# Pond Snails!!!



## Kiwimommy (May 4, 2011)

A worker at the petstore gave me 5 pond snails recently for free..and I figured why not, I'll toss them in the tanks..
So one betta has 2 snails and the other has 3..
Well..
The one with only 2 snails is egg-free and his snails are quite cute!
...
The other one, however..:shock: I noticed last night at least 5 egg clusters...
and today I removed at least 15..
Some crazy snail is going on a breeding spree!

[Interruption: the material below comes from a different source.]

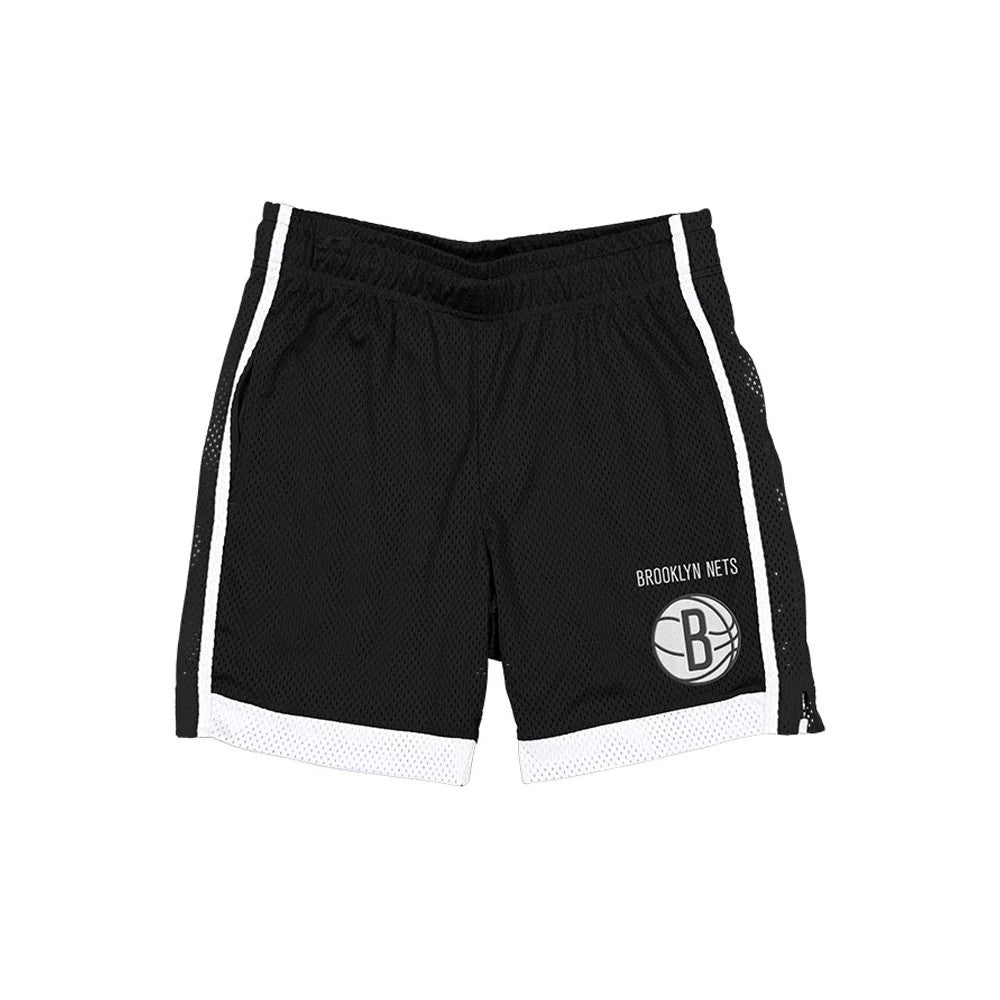 New Era Brooklyn Nets NBA Black Mesh Shorts, front view showing a white embroidered Brooklyn Nets logo on the lower right leg, an elasticated waistband, and white stripe accents running down the sides and along the hem.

If I remove the eggs when I notice them and stick them in a vase..
Should the tank remain baby-free? I'll be checking daily, so I don't see how they'd manage to hide eggs from me. They were all on the sides of the tank.
I'll probably see if my bettas will eat the pond snail babies.. I don't need to be overrun by them and I'd rather they be eaten and provide nutrition as opposed to being flushed or something..
But I'll be "raising" the babies in a water filled vase instead of in my tank.


----------



## Oldfishlady (Mar 1, 2010)

I am a big common snail fan....but these little guys can get out of hand pretty fast especially if you overfeed and have left over food in the tank...more food=more snails.....so limit food for them by removing any uneaten food ASAP....look and remove the egg clusters as you are doing already and destroy and depose of properly.....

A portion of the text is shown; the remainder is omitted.